# Your objective
Could you copy word for word only the lines between the one containing "菱花線圓壺 底槽清制 170cc" and the end of the listing below, both included, and leave out the pictures?

# Recorded information
====================

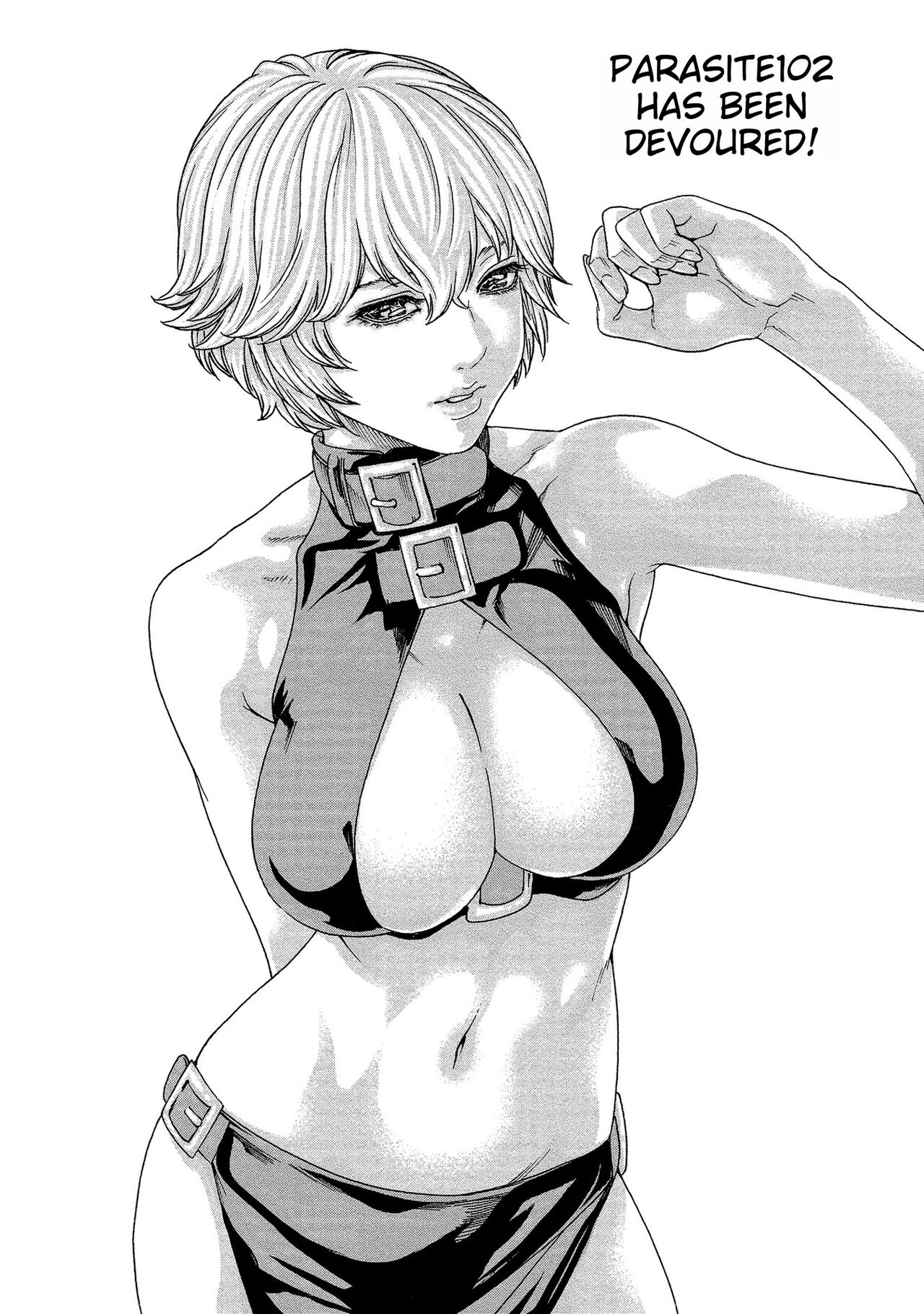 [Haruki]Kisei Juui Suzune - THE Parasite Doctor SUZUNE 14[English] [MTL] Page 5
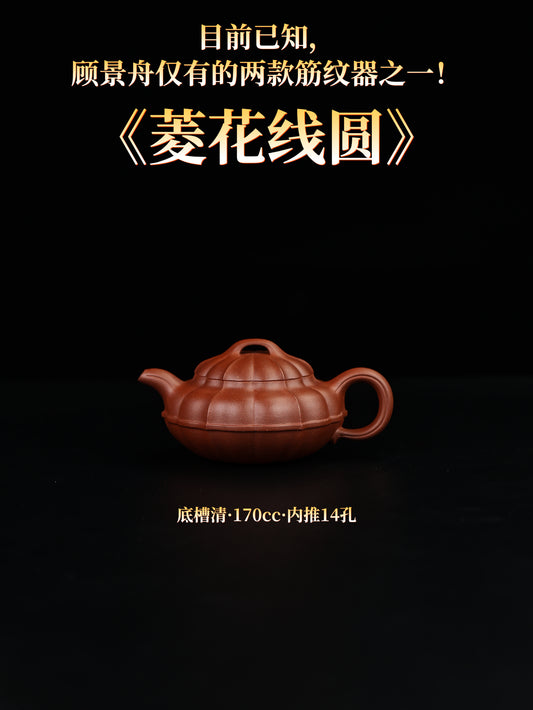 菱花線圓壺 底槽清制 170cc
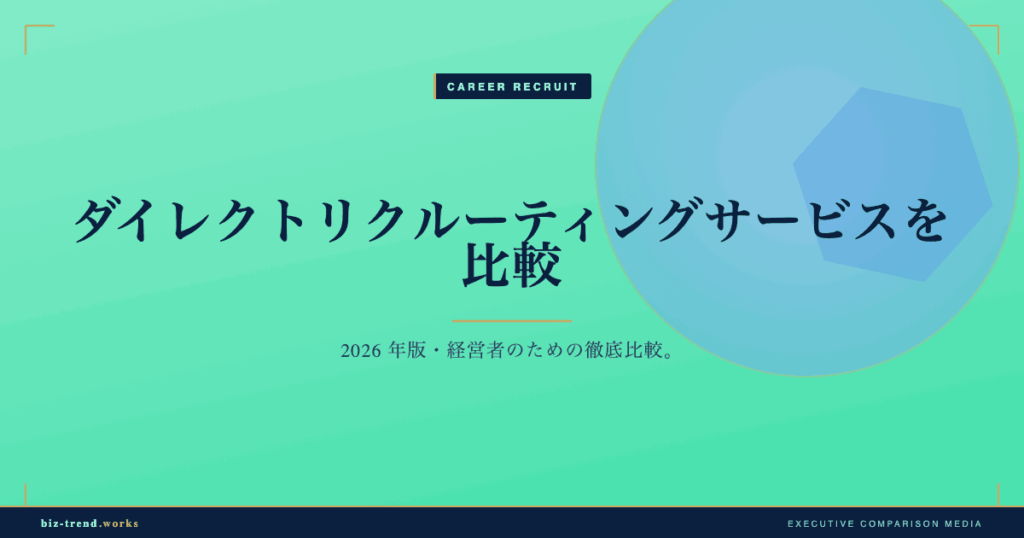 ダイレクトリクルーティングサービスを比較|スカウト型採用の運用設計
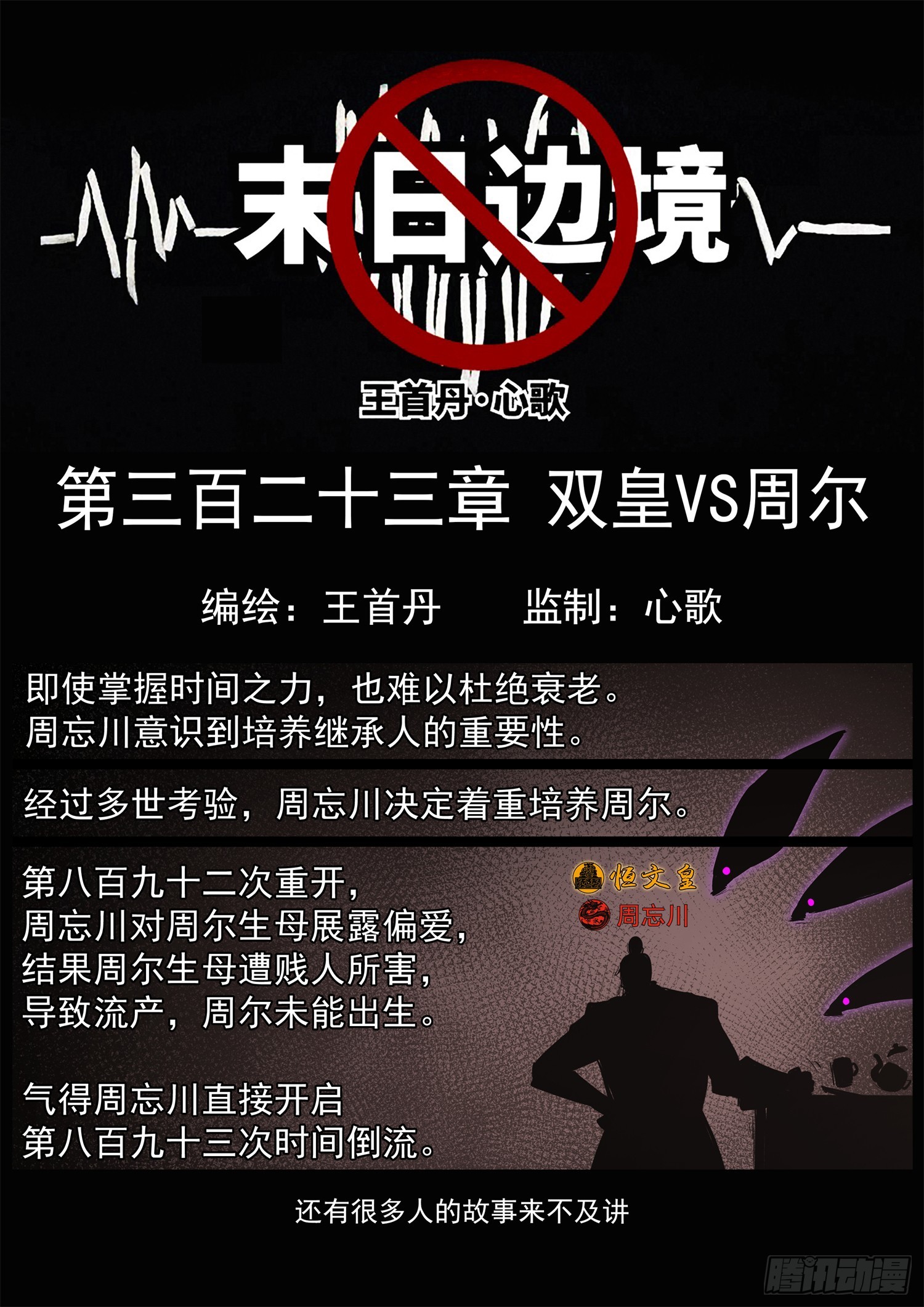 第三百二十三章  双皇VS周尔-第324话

====================

# Exercise response
 菱花線圓壺 底槽清制 170cc
 ダイレクトリクルーティングサービスを比較|スカウト型採用の運用設計
 第三百二十三章  双皇VS周尔-第324话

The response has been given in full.